Federated Learning using AWS IoT

Federated learning (FL) is a machine learning (ML) scenario with two distinct characteristics. First, training occurs on multiple machines. Second, each machine involved in training keeps training data locally; the only information shared between machines is the ML model and its parameters. FL solves challenges related to data privacy and scalability in scenarios such as mobile devices and IoT.

Considerations for federated learning

Compared to traditional ML workflows, FL poses two challenges.

Training cluster unpredictability. There are mature methods for distributed training using multiple machines. In the case of FL, however, we may have a very large number of training machines that each has a small segment of the overall data set, and these machines may not be online all the time. Think of mobile devices or a fleet of industrial monitoring equipment.
ML framework. While most popular ML frameworks like TensorFlow and PyTorch support distributed training, FL poses new challenges. In particular, the training coordinator may not itself see any of the data, and it has to somehow combine the training results from multiple other machines.

There are a new class of FL frameworks that attempt to handle some of these challenges.

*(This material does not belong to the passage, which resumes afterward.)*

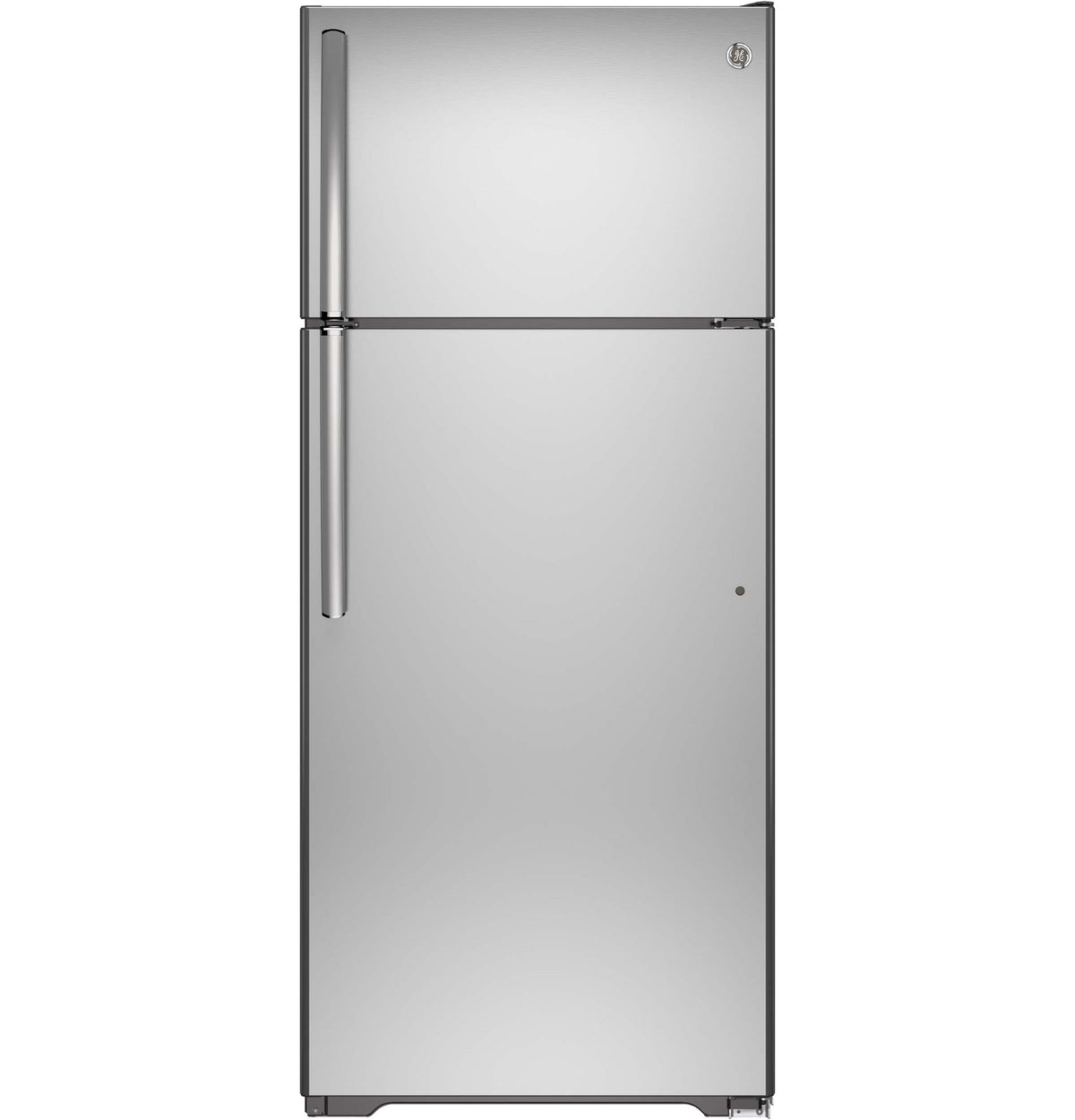 GE stainless steel top-freezer refrigerator shown from the front with colour-matched handles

TensorFlow Federated (TFF) handles data sharding between training machines and result aggregation, but it is only intended for simulations. PyTorch Mobile intends to address FL in the future. PySyft is another emerging framework for FL.

Design choices

In order to overcome the two challenges noted above, I decided to use IoT devices and the Flower FL framework. IoT devices are somewhat easier to simulate for demonstration purposes, and the AWS IoT services provide mature capabilities for handling intermittent connectivity and pushing large amounts of data to and from devices.

The Flower framework supports both TensorFlow and PyTorch, and has a well-defined separation of duties between the training coordinator and the training machines.

Architecture

Conceptually, our architecture might look like this.

A pipeline or workflow coordinator kicks off an FL job. We simulate IoT devices using EC2 instances running the GreenGrass Core. Because Flower uses gRPC for communication between the training coordinator and the training machines, we use a container as a proxy in between the coordinator and the IoT devices.

At the next level down, we can use a Step Functions workflow to coordinate this process. It'll launch one container to run the training coordinator, and one more container for each IoT device. The GreenGrass instances will run a persistent Lambda function that is ready to respond to requests from the proxy.

Looking at the methods that a Flower training machine has to implement, they require passing in a potentially large parameters object (the model weights), and returning updated parameters as well as other data. The parameters may be too large to pass directly as MQTT payloads. We will use GreenGrass Streams to let the IoT devices send large objects back to S3, and the deviceds will directly download from S3 when they need to get updated parameters.

Since the Flower FL paradigm is synchronous, we need to emulate that behavior between the proxies and the devices. The proxies can send commands as MQTT messages. The devices will respond to those, and write response messages to other topics. The IoT rules engine will relay those response messages into a DynamoDB table, and the proxies will poll for response updates.

MQTT topics

Here are the MQTT topics we use currently.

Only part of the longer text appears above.